175 S.W.3d 475, 2005 Tex. App. LEXIS 7071, 2005 WL 2076622
CourtCourt of Appeals of Texas
DecidedAugust 30, 2005
Docket06-04-00054-CR
StatusPublished
Cited by144 cases

This text of 175 S.W.3d 475 (Fox v. State) is published on Counsel Stack Legal Research, covering Court of Appeals of Texas primary law. Counsel Stack provides free access to over 12 million legal documents including statutes, case law, regulations, and constitutions.

Bluebook
Fox v. State, 175 S.W.3d 475, 2005 Tex. App. LEXIS 7071, 2005 WL 2076622 (Tex. Ct. App. 2005).

Opinion

OPINION

Opinion by

Justice ROSS.

John Charles Fox, IV, was convicted by a jury for aggravated sexual assault of a child. 1 The jury assessed punishment at forty years’ imprisonment and a $10,000.00 fine. He was sentenced in accordance with the jury’s verdict. Fox appeals, contending the trial court erred in (1) failing to make an “inquiry” into the mental status of the victim during her testimony at the penalty phase; (2) failing to grant a mistrial after the victim suffered a “psy *480 chotic episode” during her testimony at the penalty phase; (3) in overruling his objection to the opinion by the State’s expert that the victim was telling the truth; (4) in limiting his cross-examination of the State’s witnesses regarding the victim’s post-traumatic stress disorder; and (5) in denying his motion for new trial. Fox also contends that he was denied effective assistance of counsel at trial and that he was denied due process of law by the State’s suppression of exculpatory evidence. We affirm the judgment.

BACKGROUND

Although Fox does not challenge the sufficiency of the evidence, a brief recitation of the facts, as presented by the State’s evidence, is appropriate. The victim, L.C., was eleven years old at the time of the offense and fourteen at the time of trial. She has one brother, and their mother is Jennifer Jo Cassidy. L.C. testified that Fox was her mother’s former boyfriend and that he lived in the home with them for eight years. However, at the time of the offense in question, Fox had been out of the home for about a month. L.C. testified that, during the time Fox was living with them, he touched her inappropriately many times. She further testified that, on a rainy evening in November 2000, she and her brother were at home and their mother was at a friend’s house when, around midnight, Fox tapped on her bedroom window. L.C. let him inside the house through the window and followed him to her mother’s bedroom, where Fox sexually assaulted her on her mother’s bed. L.C. was in her menstrual period, and as a result of the assault, blood was left on the bed and on a white T-shirt Fox was wearing. After the assault, Fox changed into a different shirt, leaving the white T-shirt at the house. L.C. testified that, after Fox left, her mother returned home around 1:00 a.m. L.C. told her what had happened. They contacted the police the next day.

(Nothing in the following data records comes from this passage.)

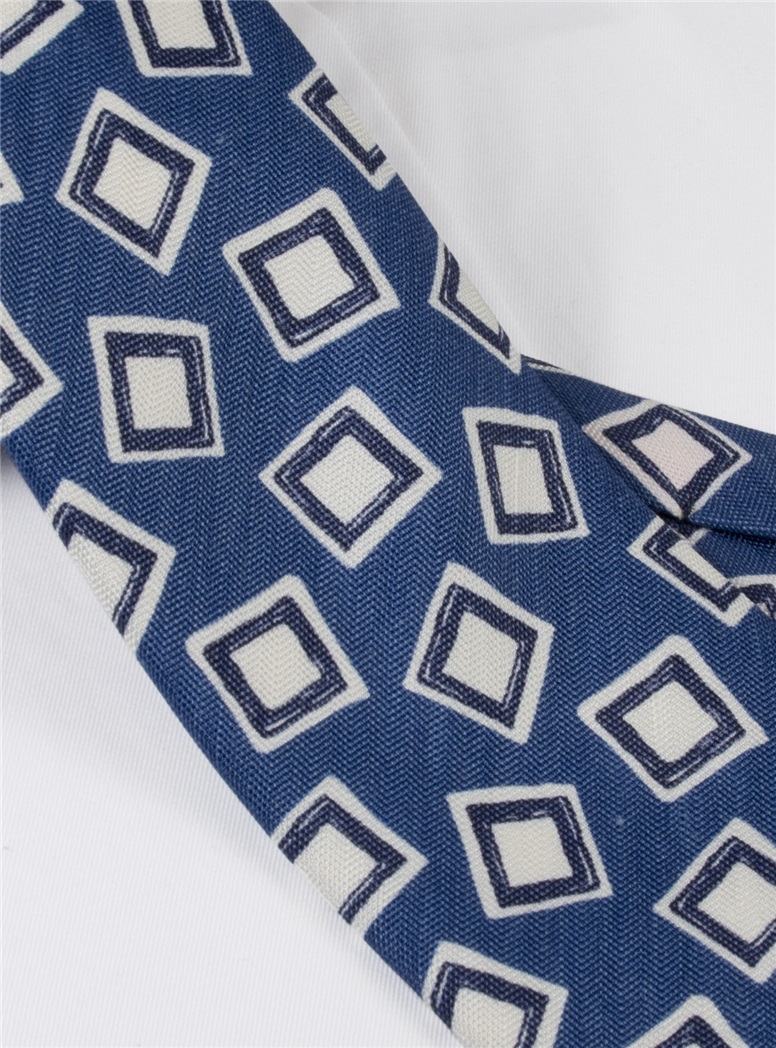 Silk and Linen Square Motif Tie in Denim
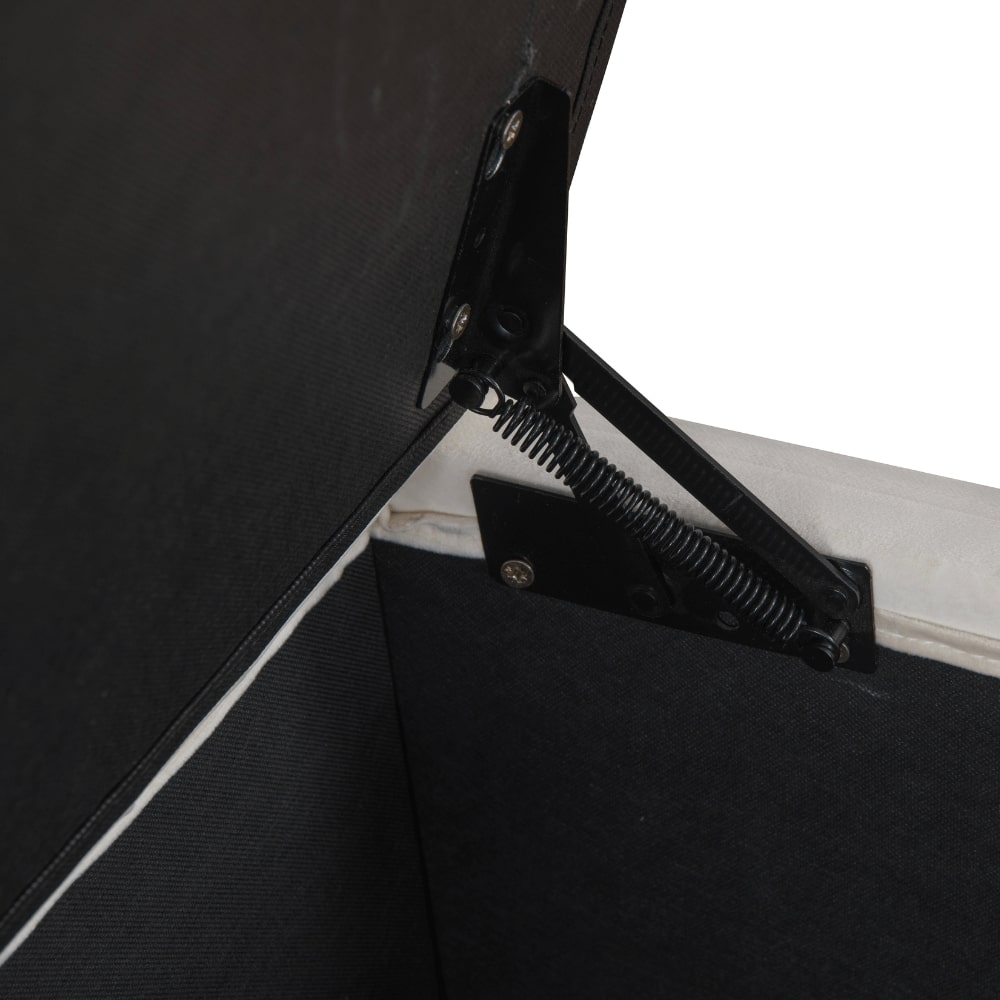 Mika Cream Velvet Ottoman Storage Bench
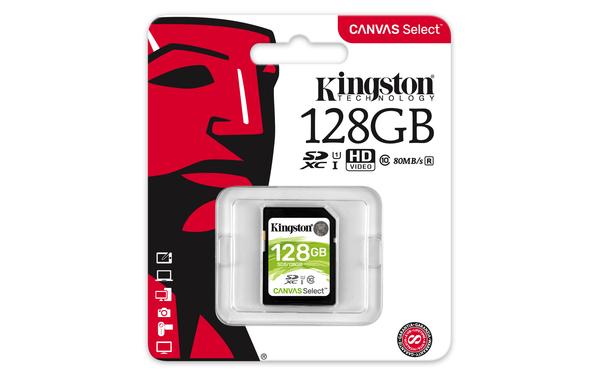 Kingston 128GB Canvas Select, Class 10 - SDXC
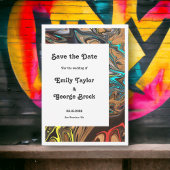Moderne minimale kleurrijke Abstracte bruiloft Save The Date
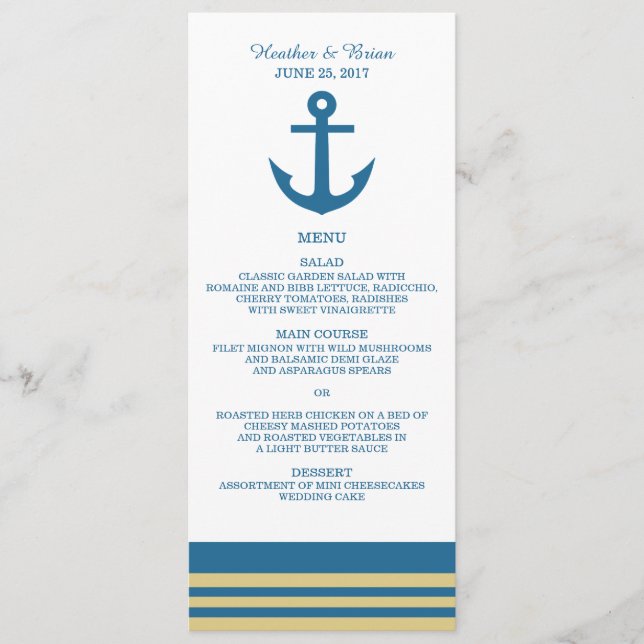 Menu Mariage d'Ancres Blue Gold (Devant)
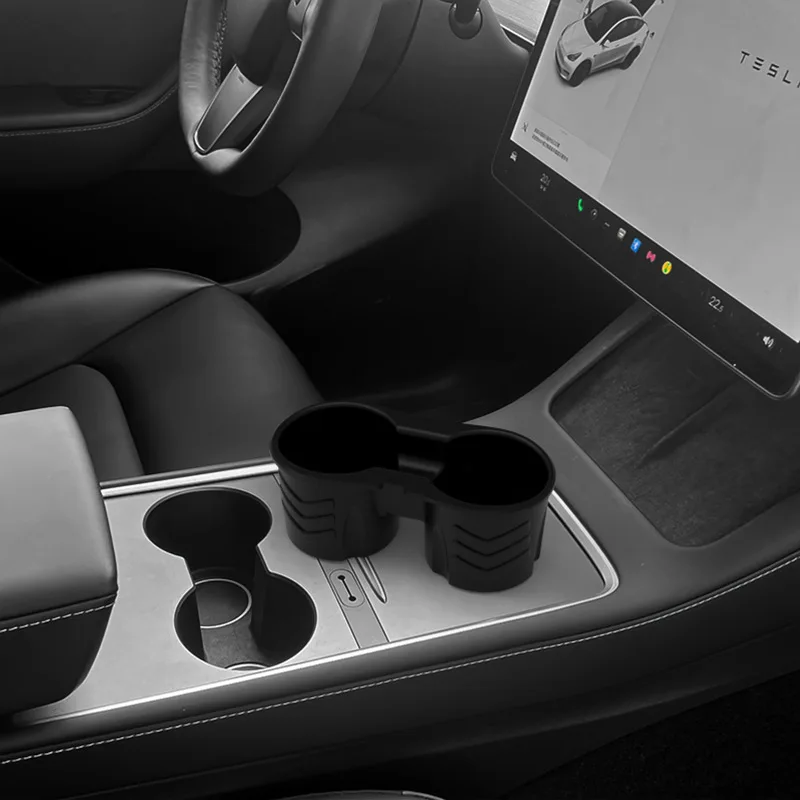 Car Central Control Water Cup Holder for Tesla Model 3 Y Collector Box Limit Device Drink Holder Silicone Coaster Accessories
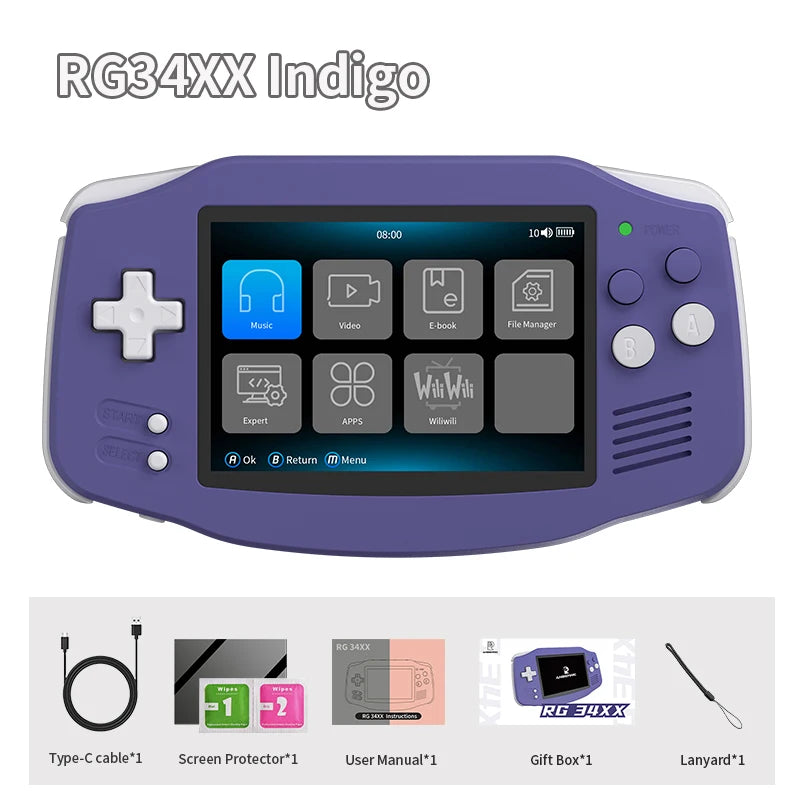 RG34XX Retro Handheld Game Console 3.4" IPS 720x480 Linux 3500mAh Bluetooth WiFi - Nova Electronics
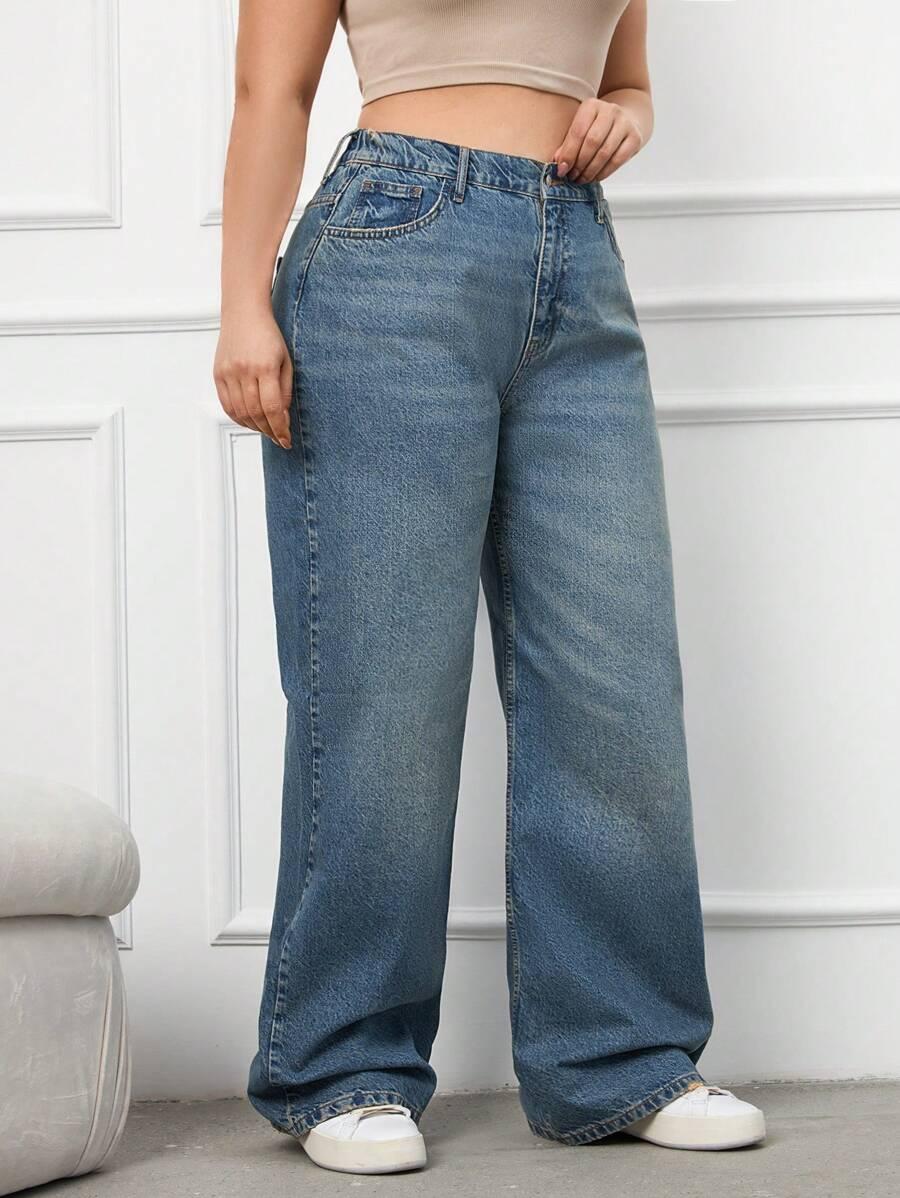 NIEBIESKIE SPODNIE JEANS SZEROKIE NOGAWKI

FAILURE TO CONDUCT MENTAL STATUS HEARING OR GRANT MISTRIAL

Fox’s first two points of error are related and will be considered together. He contends that, after L.C. suffered a “psychotic episode” during her testimony at the penalty phase of the trial, the court erred in failing to conduct an inquiry into her mental competency to testify and in failing to grant a mistrial.

During the punishment phase of the trial, but outside the jury’s presence, the following exchange occurred between the trial court and L.C.:

THE COURT: Did you want to say something?....
[L.C.]: Actually, really the reason why I’m taking medication is that he sent dolls after me and I have been seeing dolls for three years chasing me, and telling me to kill people, and I almost killed my brother over it.

Fox immediately moved for a mistrial, which the court denied. Fox now contends the trial court’s failure to sua sponte conduct a hearing to determine L.C.’s mental competency was error.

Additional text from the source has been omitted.